Brief Summary
This video tutorial provides a step-by-step guide on measuring temperature using thermal images, videos, and cameras with Python and OpenCV. It covers the differences between Gray8 and Gray16 image formats, measuring temperature from thermal images and videos, and using a thermal camera for real-time temperature measurement.
- Understanding Gray8 vs Gray16 thermal images
- Measuring temperature from thermal images and videos
- Measuring temperature using a thermal camera in real-time
Introduction
The video introduces a tutorial on measuring temperature from thermal images, videos, and cameras using Python and OpenCV. It is part two of an infrared vision basic course, and it's recommended to watch the previous class for understanding infrared images and the technology behind them. The class is divided into four steps: understanding Gray8 and Gray16 images, measuring temperature from a thermal image, measuring temperature from a thermal video, and measuring temperature from a thermal camera.
Step 1: Thermal Imaging Formats - Gray8 vs.

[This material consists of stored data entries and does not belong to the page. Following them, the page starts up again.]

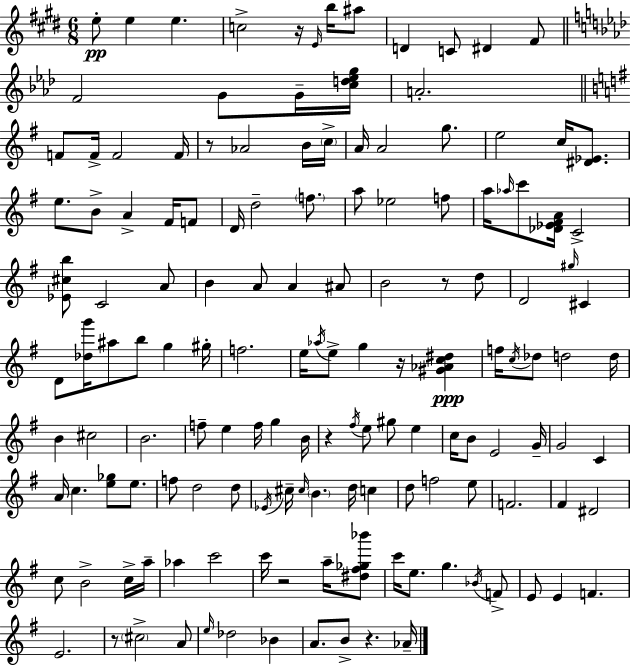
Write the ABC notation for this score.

X:1
T:Untitled
M:6/8
L:1/4
K:E
e/2 e e c2 z/4 E/4 b/4 ^a/2 D C/2 ^D ^F/2 F2 G/2 G/4 [cd_eg]/4 A2 F/2 F/4 F2 F/4 z/2 _A2 B/4 c/4 A/4 A2 g/2 e2 c/4 [^D_E]/2 e/2 B/2 A ^F/4 F/2 D/4 d2 f/2 a/2 _e2 f/2 a/4 _a/4 c'/2 [_D_E^FA]/4 C2 [_E^cb]/2 C2 A/2 B A/2 A ^A/2 B2 z/2 d/2 D2 ^g/4 ^C D/2 [_dg']/4 ^a/2 b/2 g ^g/4 f2 e/4 _a/4 e/2 g z/4 [^G_Ac^d] f/4 c/4 _d/2 d2 d/4 B ^c2 B2 f/2 e f/4 g B/4 z ^f/4 e/2 ^g/2 e c/4 B/2 E2 G/4 G2 C A/4 c [e_g]/2 e/2 f/2 d2 d/2 _E/4 ^c/4 ^c/4 B d/4 c d/2 f2 e/2 F2 ^F ^D2 c/2 B2 c/4 a/4 _a c'2 c'/4 z2 a/4 [^d^f_g_b']/2 c'/4 e/2 g _B/4 F/2 E/2 E F E2 z/2 ^c2 A/2 e/4 _d2 _B A/2 B/2 z _A/4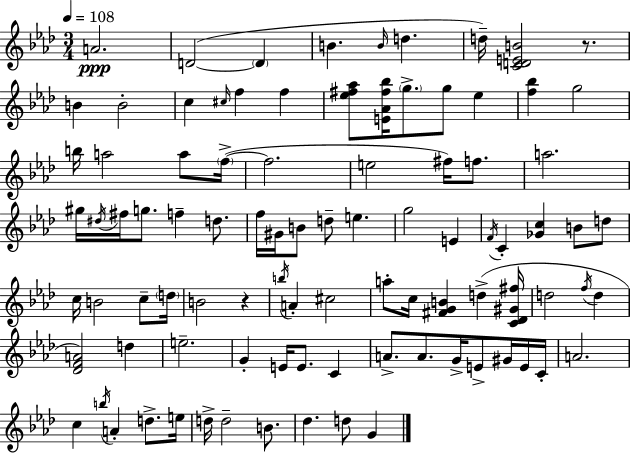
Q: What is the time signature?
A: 3/4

Gray16
This section explains the difference between Gray8 and Gray16 image formats, which are essential for working with thermal images. RGB images have three channels (red, green, blue), with pixel values between 0 and 255 per channel, codified using 8 bits (one byte). Thermal images are represented in grayscale, needing only one channel to represent pixel values between black (0) and white (255). To measure temperature, a Gray16 thermal image is needed, which uses 16 bits (0 to 65,535 values) to codify temperature information in each pixel value. The tutorial then demonstrates how to open a Gray16 thermal image in Python using OpenCV, convert it to a Gray8 image, and apply a colour map for visualisation. The cv2.IMREAD_ANYDEPTH
flag is crucial to prevent RGB conversion when opening the image.
Step 2: Measuring your First Temperature from a Thermal Image
This part of the tutorial focuses on measuring the temperature of a pixel in a thermal image. The process involves importing the necessary libraries (NumPy and OpenCV), opening the Gray16 thermal image, and defining the pixel coordinates. The video uses a specific formula for the RGM Vision thermal camera to convert pixel values from Kelvin to Celsius or Fahrenheit. The Gray16 image is converted to Gray8 for display, and a pointer is drawn to indicate the selected pixel. The temperature value is then displayed on both the Gray16 and Gray8 images.

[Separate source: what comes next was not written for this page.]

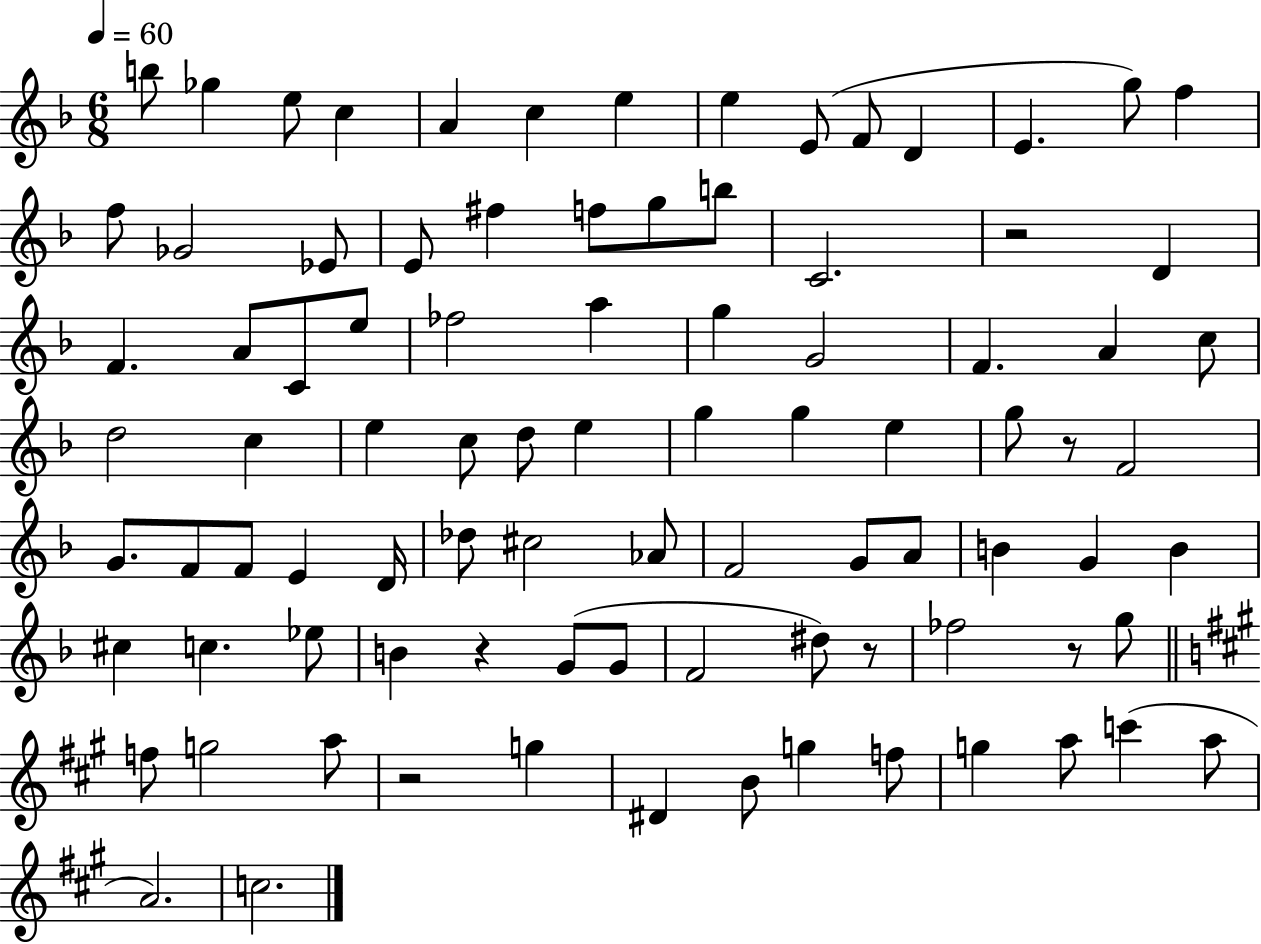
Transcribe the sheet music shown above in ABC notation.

Step 3: Measuring Temperature from a Thermal Video
The tutorial explains how to measure temperature from a thermal video by simulating a video using a sequence of Gray16 images. It involves importing libraries such as NumPy, OpenCV, os
, and argparse
. The video sequence path is selected using argparse
. A mouse pointer is created to dynamically select pixel values in each frame. The frame rate is controlled using the cv2.waitKey
function, and the video loops through each frame, opens the Gray16 image, calculates the temperature, converts the frame to Gray8, and displays the temperature and pointer on the frame. The frame rate for the RGM Vision thermal camera is 8 FPS, requiring a wait time of 125 milliseconds.

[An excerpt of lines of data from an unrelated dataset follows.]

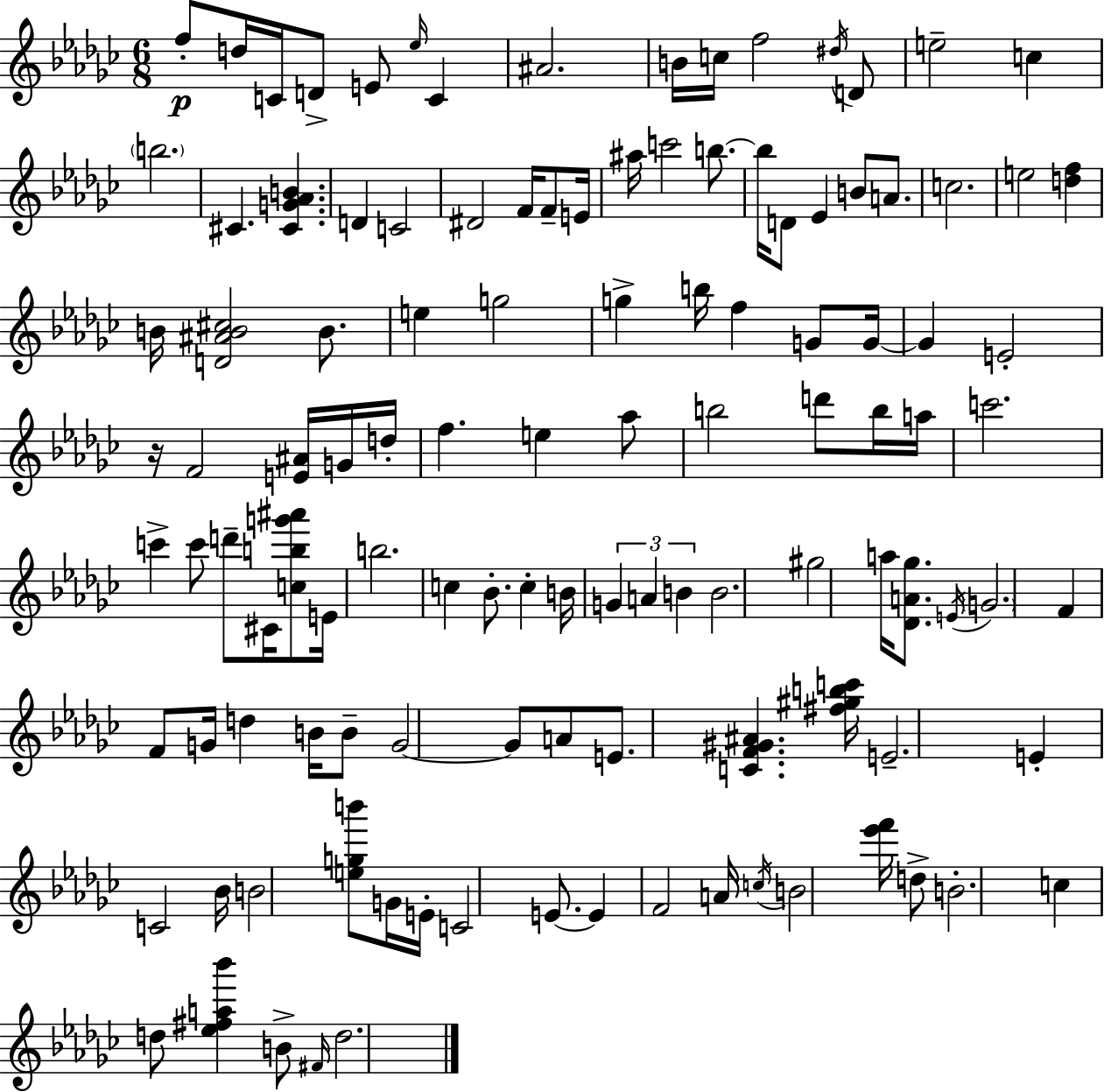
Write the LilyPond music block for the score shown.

{
  \clef treble
  \numericTimeSignature
  \time 6/8
  \key ees \minor
  f''8-.\p d''16 c'16 d'8-> e'8 \grace { ees''16 } c'4 | ais'2. | b'16 c''16 f''2 \acciaccatura { dis''16 } | d'8 e''2-- c''4 | \break \parenthesize b''2. | cis'4. <cis' g' aes' b'>4. | d'4 c'2 | dis'2 f'16 f'8-- | \break e'16 ais''16 c'''2 b''8.~~ | b''16 d'8 ees'4 b'8 a'8. | c''2. | e''2 <d'' f''>4 | \break b'16 <d' ais' b' cis''>2 b'8. | e''4 g''2 | g''4-> b''16 f''4 g'8 | g'16~~ g'4 e'2-. | \break r16 f'2 <e' ais'>16 | g'16 d''16-. f''4. e''4 | aes''8 b''2 d'''8 | b''16 a''16 c'''2. | \break c'''4-> c'''8 d'''8-- cis'16 <c'' b'' g''' ais'''>8 | e'16 b''2. | c''4 bes'8.-. c''4-. | b'16 \tuplet 3/2 { g'4 a'4 b'4 } | \break b'2. | gis''2 a''16 <des' a' ges''>8. | \acciaccatura { e'16 } \parenthesize g'2. | f'4 f'8 g'16 d''4 | \break b'16 b'8-- g'2~~ | g'8 a'8 e'8. <c' f' gis' ais'>4. | <fis'' gis'' b'' c'''>16 e'2.-- | e'4-. c'2 | \break bes'16 b'2 | <e'' g'' b'''>8 g'16 e'16-. c'2 | e'8.~~ e'4 f'2 | a'16 \acciaccatura { c''16 } b'2 | \break <ees''' f'''>16 d''8-> b'2.-. | c''4 d''8 <ees'' fis'' a'' bes'''>4 | b'8-> \grace { fis'16 } d''2. | \bar "|."
}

Step 4: Measuring Temperature from a Thermal Camera
This section guides on measuring temperature in real-time using a thermal camera. It involves importing OpenCV and NumPy, creating mouse pointer coordinates, and setting up the thermal camera using the cv2.VideoCapture
function. The camera index is specified, and on Windows, the cv2.CAP_DSHOW
flag is used to indicate the Direct Show backend. The thermal camera resolution is set, and the camera is configured as a Gray16 source, preventing RGB compression. A while
loop continuously reads frames from the camera, gets temperature values from the mouse pointer, calculates the temperature, converts the Gray16 frame to Gray8, and displays the temperature and pointer on the screen.